When It’s Time to Step Away

At an ad agency where I once worked, the guys in the mailroom had a cartoon posted in pride of place where most of us saw it every single day.  It depicted a group of brain surgeons surrounding a patient with blood gushing out of his head.  The caption read:  “Well, at least it’s not advertising.”

I relate this joke in order to help make a point:  Reviewing romance novels online isn’t brain surgery. What it takes to be a good reviewer is a knack for discerning precisely what worked and what didn’t work for you in a book, the ability to clearly communicate both to a reader, the discipline to stick with books you find about as interesting as a tax return, and the fortitude to do it book after book and month after month. 

If you can do all that and write in a concise and reasonably entertaining way, well, then you’ve got it nailed.

 And that’s where the problems start.

Okay, so I am exaggerating, but there is no escaping the fact that there are many perks that go along with reviewing online.  And they can be incredibly seductive.  How a reviewer handles that seduction makes all the difference.

So what am I talking about?  Well, there are the free books.  Early.  Then there are the nice make-your-day emails from readers (along with the other ones, too).  And, most tempting of all, there is always the chance that you may get to know online – and maybe even in person, too – writers whose work you love.

And it can be a heady thing, believe me.

Let me just get it right out on the table:  If you like an author’s work, there’s a very good chance you’re going to like the person, too.  People usually are what they write, so good – and sometimes even very close – friendships can result.

But that’s when a reviewer has to step away.

Where to draw the line can be a challenge.  Exchanging a few emails is probably okay.  Having lunch together probably isn’t.   But, without going into a litany of possible scenarios, it comes down to this:  The appearance of impropriety is what’s important and when a reviewer nears the line, I think she usually knows it.

And there’s another side to that equation, too.  When reviewers – and I know this is true at AAR and I’d be willing to bet it is also the case elsewhere – don’t like an author’s style, they leave the author’s books for reviewers who may connect better.  That’s only fair.  And it happens.  All the time, as a matter of fact.

From the perks perspective, the luckiest people just might be the owners of the many personal romance review blogs out there right now.

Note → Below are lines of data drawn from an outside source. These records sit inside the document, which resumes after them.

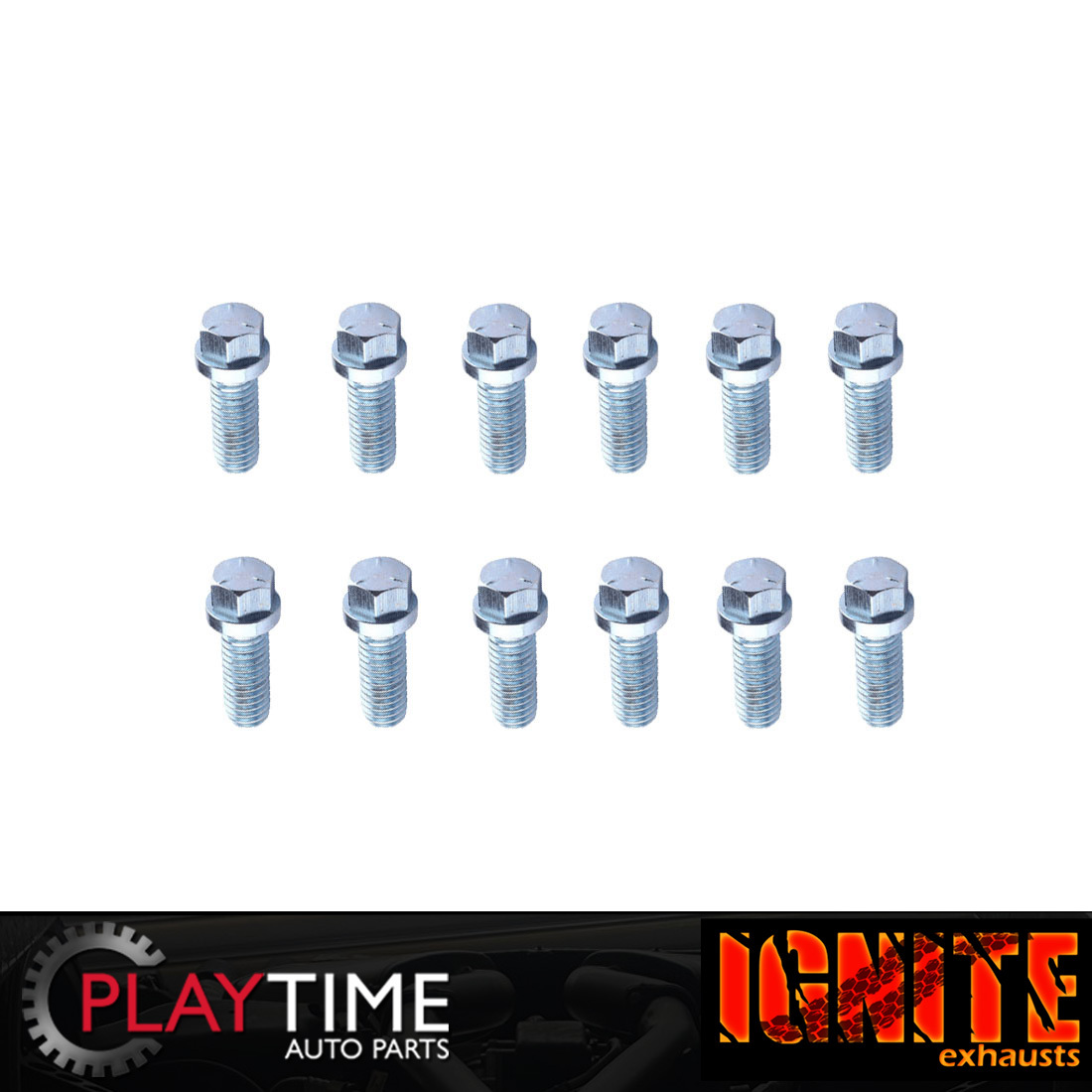 12 x 3/8" Extractor Exhaust Bolts Playtime Exhausts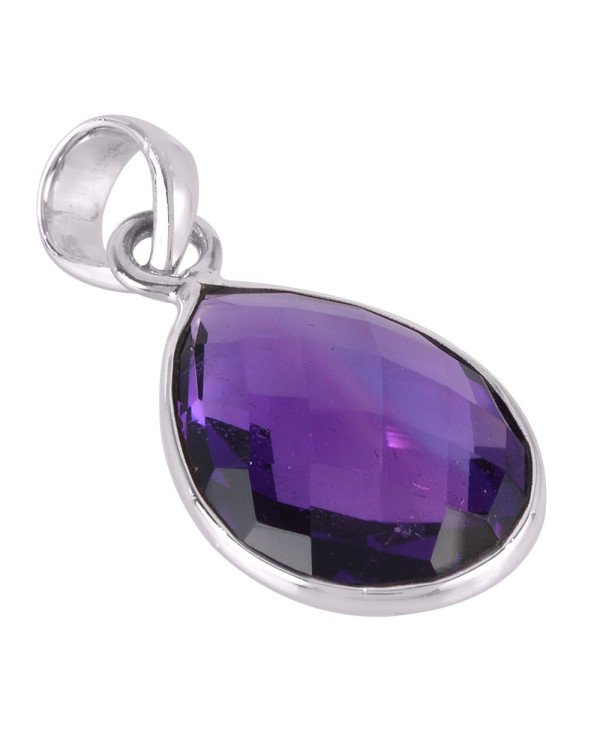 Amethyst Bezel 925 Sterling Silver Pendant by Jewels Artisan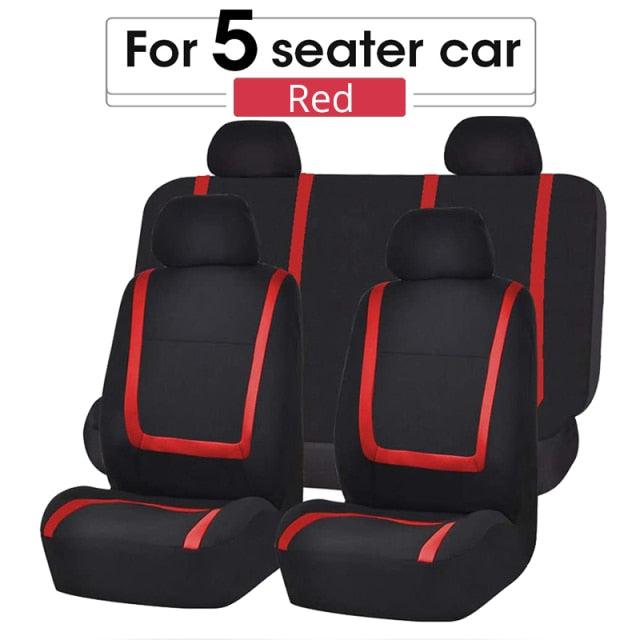 Flat Cloth Car Seat Cover Full Set installed in vehicle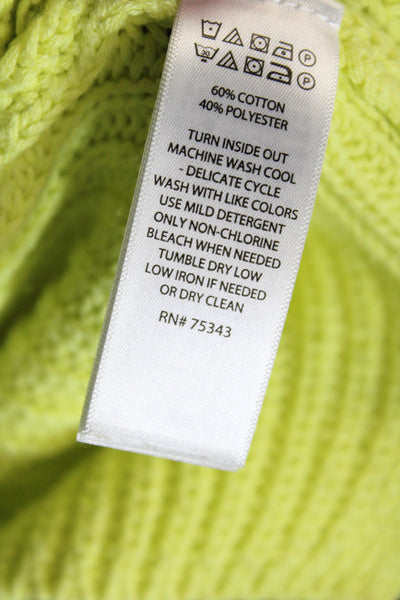 Rachel Zoe Womens Yellow Crew Neck Pullover Sweater Long Sleeve Size M
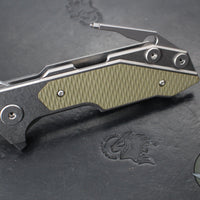 Hinderer Fulltrack- Wharncliffe Edge- Stonewash Titanium And OD Green G-10 Handle- Stonewash Blade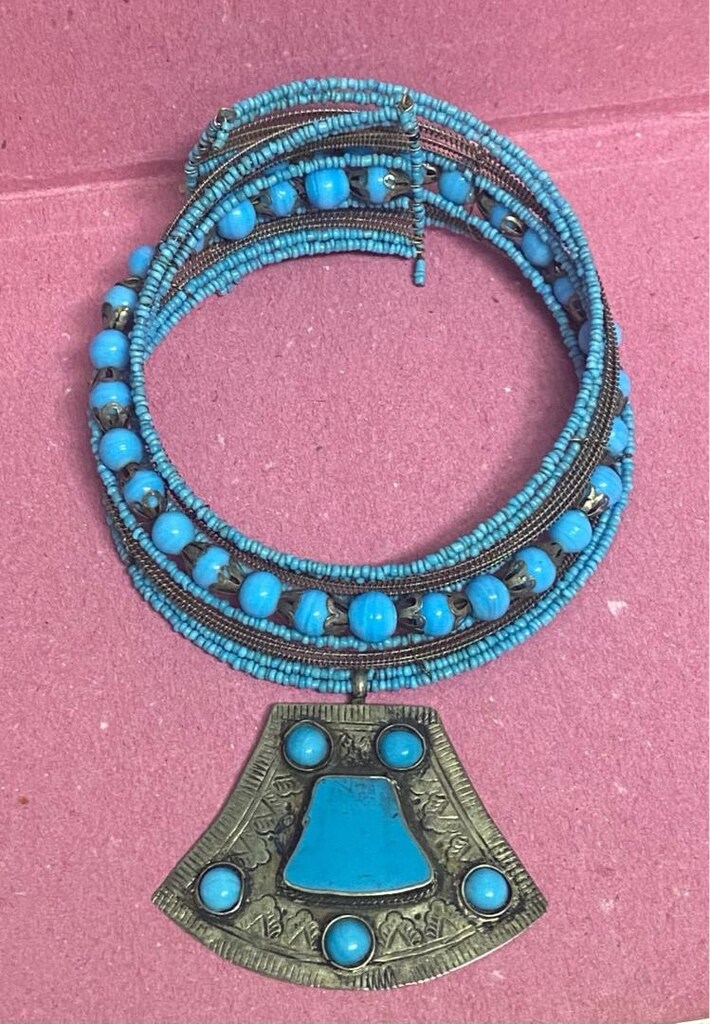 Vintage El İşçiliği Mavi Cam Boncuklu Choker ( Tasma ) Kolye - 12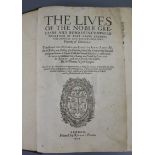 Plutarch - Lives "The Lives of the Noble Grecians and Romanes", folio, calf gilt, Richard Field,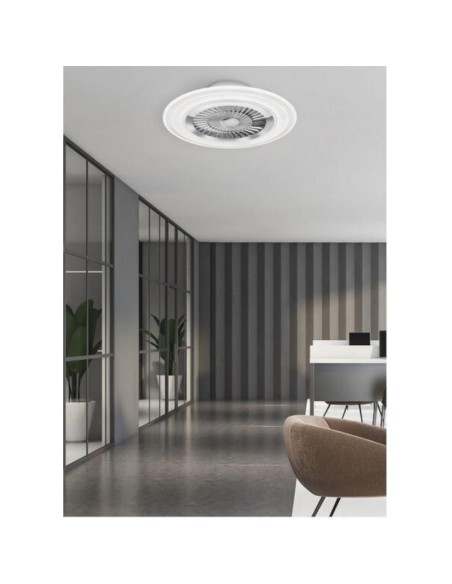 Plafonnier/ventilateur dimmable à changement de température de couleur blanc mat  - Trio - Flaga Leluminaireled.com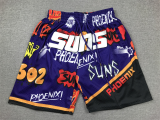 Pocket pants, sun graffiti purple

Most of them are just that – personal blogs.  Since it’s very clear to visitors that they are what they are, from my perspective they’re free as a bird to legitimately enjoy the perkiest of the perks.  Personal blogs are…well, personal and I think we all understand the difference.

There is a scene from the movie Almost Famous that I think resonates here.  In it the teenage aspiring rock writer gets some incredibly profound advice from the jaded and experienced critic played magnificently by Phillip Seymour Hoffman. 

Truth is many – maybe even most – of us who write online are not cool.  And hanging out with authors you love can sure as hell make you feel as if you’re sitting at the cool table.

I’m not suggesting for even one moment that writers are cynically forming friendships with reviewers in order to garner favorable reviews.   That would be ridiculous.  And, honestly, I think if I asked the ones I know well, they’d also admit to some degree of discomfort when friendship even begins to enter the picture.

Still, I think there are ways you can legitimately work with writers with whom you’ve crossed a personal line. Interviews?  Cool.  Promotional help when you’re upfront with readers about it?  Cool.  Reviews? Not cool.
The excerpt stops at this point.